American conservative political commentator and media personality

Driena Marta Sixto (born January 7, 1994) is an American conservative media personality, political commentator, and communications strategist. She serves as the Spanish Media Director of the Lincoln Media Foundation and previously served as Media Spokesperson for Turning Point Action. A Cuban-American from Miami, she has appeared on English- and Spanish-language outlets including CBS, Univision, Telemundo, and Right Side Broadcasting Network (RSBN), focusing on U.S. politics, elections, border security, and Hispanic voter engagement.

== Early life and education ==
Sixto was born and raised in Miami, Florida, to a Cuban-American family. She attended the Honors College at Miami Dade College, earning an associate degree in 2014, before transferring to Florida International University, where she received bachelor's degrees in international relations and political science.

== Career ==
During college, Sixto interned in the office of U.S. Senator Marco Rubio. In August 2015, Rubio recognized her service in the Congressional Record.

She began as a volunteer activist with Turning Point USA in 2015 and joined full-time in 2016. She advanced through roles in campus organizing, grassroots activism, and field management (including Southeastern Manager), and later served as Media Spokesperson for Turning Point Action.

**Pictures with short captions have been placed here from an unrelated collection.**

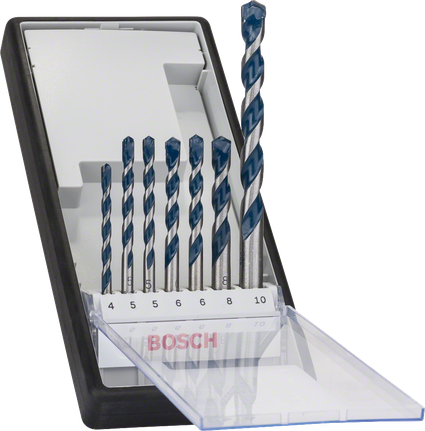 7-piece Robust Line CYL-5 concrete drill bit set 4 - 10 mm Bosch 7-piece Robust Line CYL-5 concrete drill bit set.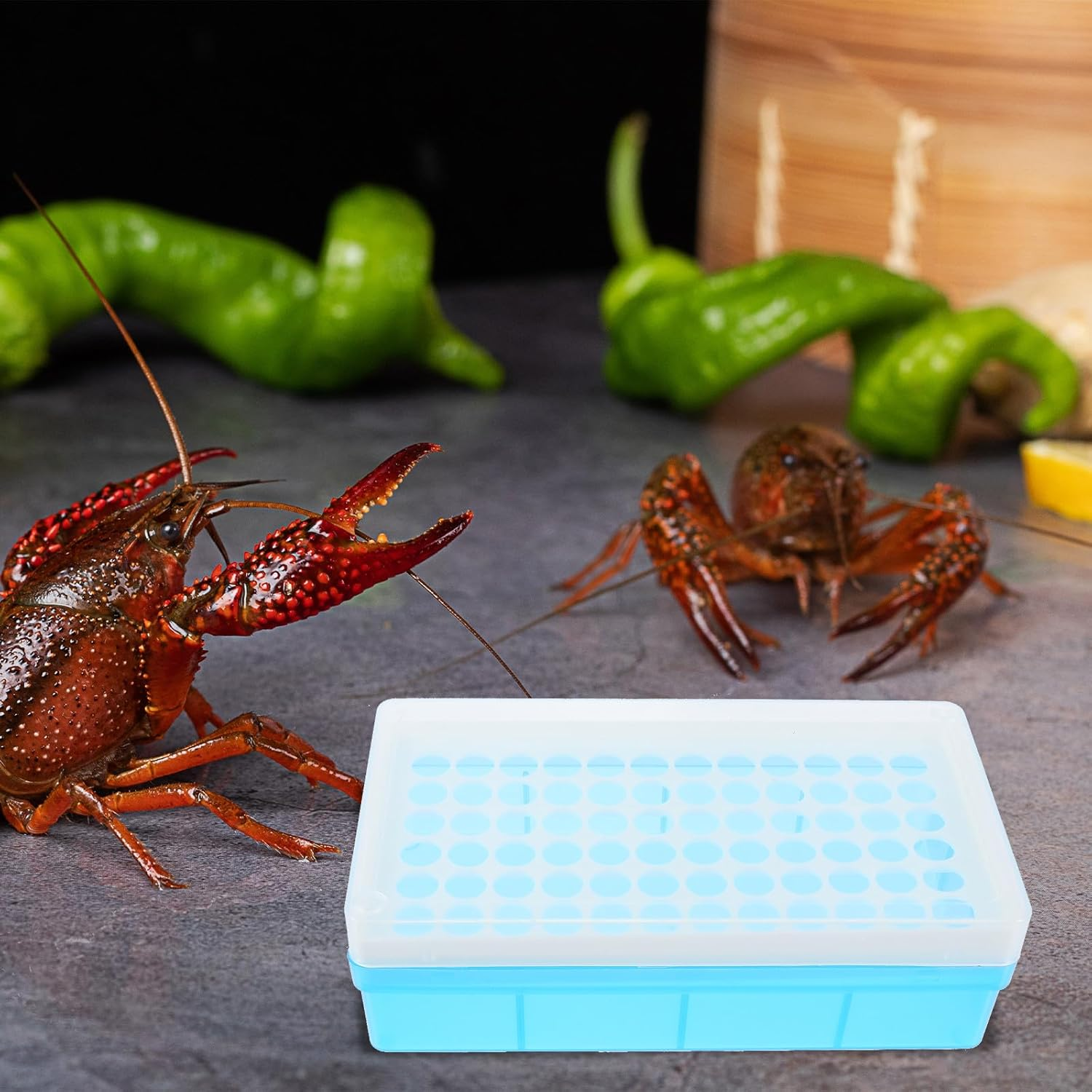 VALICLUD Brine Shrimp Hatchery Tube Storage Box Set with Droppers, Plastic Artemia Hatching Tool Kit for Fish Breeding and Aquarium Use, 2Pcs Collection Tubes for Aquatic Pets image number 4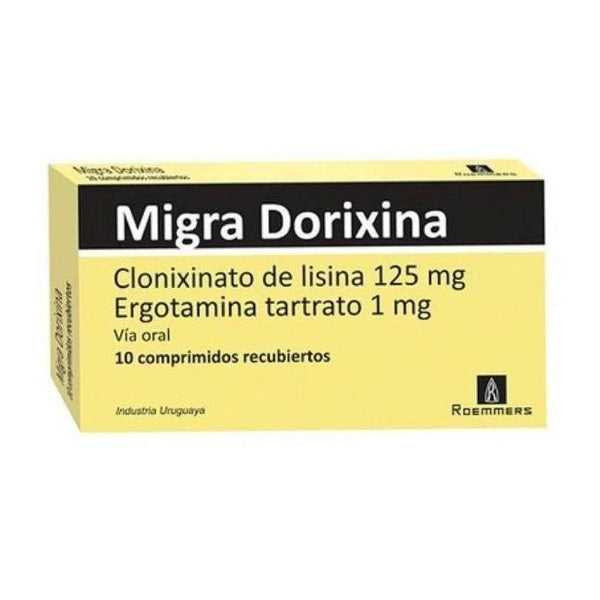 Migra Dorixina 10 Comprimidos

In late 2025, she joined the Lincoln Media Foundation as Spanish Media Director, focusing on Spanish-language communications and outreach to Hispanic communities. She also serves as Vice President of the Miami Young Republicans and has emceed community events, such as the 65th anniversary of Brigada 2506.

She is a frequent commentator on national and local media and has hosted or contributed to Spanish-language programs including Pero, ¿Por Qué? and Claro y Directo América.

== Political views ==
Sixto identifies as a conservative, advocating limited government, free markets, strong national security, and greater Hispanic American engagement with the Republican Party. She has cited inspiration from Ayn Rand and emphasizes individual liberty, free speech, and Second Amendment rights.

== Selected writings ==
- Fascism Is Communism's Closest Relative (2017)
- Why I Am Not a Feminist (2017)
- Why My Right to Bear Arms Is So Important (2017)
- Watch Out for Freedom of Speech, Even in the United States! (2017)
- Universities in the United States Also Censor Right-Wing Messages (2017)

== Notable appearances ==
- Speaker and panelist at Turning Point USA events, including AmericaFest and the Young Latino Leadership Summit.
- Interviews on Right Side Broadcasting Network, The Atlas Society, CBS News(2016 election coverage), Univision, Telemundo and Fox News.